PROBLEM REQUIREMENTS:
Search the material below for the word "plataforma". Copy every line that has it.
*** INPUT MATERIAL
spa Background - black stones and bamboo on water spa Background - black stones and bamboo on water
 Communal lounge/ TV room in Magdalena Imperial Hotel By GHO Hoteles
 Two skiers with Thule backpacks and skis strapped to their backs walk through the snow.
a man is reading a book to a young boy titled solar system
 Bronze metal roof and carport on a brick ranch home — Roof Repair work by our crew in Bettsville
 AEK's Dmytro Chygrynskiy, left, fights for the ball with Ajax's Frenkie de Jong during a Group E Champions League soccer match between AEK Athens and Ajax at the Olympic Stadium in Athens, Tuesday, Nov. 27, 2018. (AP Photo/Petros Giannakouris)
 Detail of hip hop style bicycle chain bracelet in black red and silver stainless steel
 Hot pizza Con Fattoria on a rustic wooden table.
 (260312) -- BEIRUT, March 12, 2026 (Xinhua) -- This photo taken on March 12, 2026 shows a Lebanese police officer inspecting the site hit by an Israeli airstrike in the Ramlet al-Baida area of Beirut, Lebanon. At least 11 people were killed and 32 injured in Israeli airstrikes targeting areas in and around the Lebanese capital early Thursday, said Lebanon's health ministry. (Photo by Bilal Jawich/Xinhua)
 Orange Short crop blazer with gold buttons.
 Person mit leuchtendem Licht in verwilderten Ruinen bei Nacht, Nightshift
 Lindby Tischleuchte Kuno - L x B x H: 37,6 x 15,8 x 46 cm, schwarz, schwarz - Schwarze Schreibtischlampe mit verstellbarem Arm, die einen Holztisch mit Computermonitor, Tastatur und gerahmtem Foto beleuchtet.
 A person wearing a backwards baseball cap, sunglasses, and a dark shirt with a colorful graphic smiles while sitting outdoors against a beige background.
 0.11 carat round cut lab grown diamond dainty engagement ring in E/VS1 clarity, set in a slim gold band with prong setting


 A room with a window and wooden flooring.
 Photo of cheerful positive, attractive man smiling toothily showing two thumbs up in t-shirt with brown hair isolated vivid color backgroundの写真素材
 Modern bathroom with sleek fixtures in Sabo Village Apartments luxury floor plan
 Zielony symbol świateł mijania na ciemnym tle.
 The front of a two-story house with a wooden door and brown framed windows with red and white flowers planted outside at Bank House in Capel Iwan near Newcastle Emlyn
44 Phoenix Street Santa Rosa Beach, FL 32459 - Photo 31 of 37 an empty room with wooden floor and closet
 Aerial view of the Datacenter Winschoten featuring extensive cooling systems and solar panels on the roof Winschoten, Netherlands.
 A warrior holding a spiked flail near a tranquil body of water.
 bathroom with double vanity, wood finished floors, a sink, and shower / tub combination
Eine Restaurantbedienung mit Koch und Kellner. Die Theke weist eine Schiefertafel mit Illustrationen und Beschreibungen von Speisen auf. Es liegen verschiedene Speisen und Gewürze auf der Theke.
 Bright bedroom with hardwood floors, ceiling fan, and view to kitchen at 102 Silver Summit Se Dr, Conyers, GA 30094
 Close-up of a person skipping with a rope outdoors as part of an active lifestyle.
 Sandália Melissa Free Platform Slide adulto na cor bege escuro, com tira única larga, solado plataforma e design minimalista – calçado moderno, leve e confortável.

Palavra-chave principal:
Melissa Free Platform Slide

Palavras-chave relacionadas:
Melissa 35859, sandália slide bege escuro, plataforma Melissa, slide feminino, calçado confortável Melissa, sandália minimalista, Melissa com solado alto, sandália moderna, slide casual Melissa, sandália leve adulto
******
ANSWER TO THIS PROBLEM:
 Sandália Melissa Free Platform Slide adulto na cor bege escuro, com tira única larga, solado plataforma e design minimalista – calçado moderno, leve e confortável.
Melissa 35859, sandália slide bege escuro, plataforma Melissa, slide feminino, calçado confortável Melissa, sandália minimalista, Melissa com solado alto, sandália moderna, slide casual Melissa, sandália leve adulto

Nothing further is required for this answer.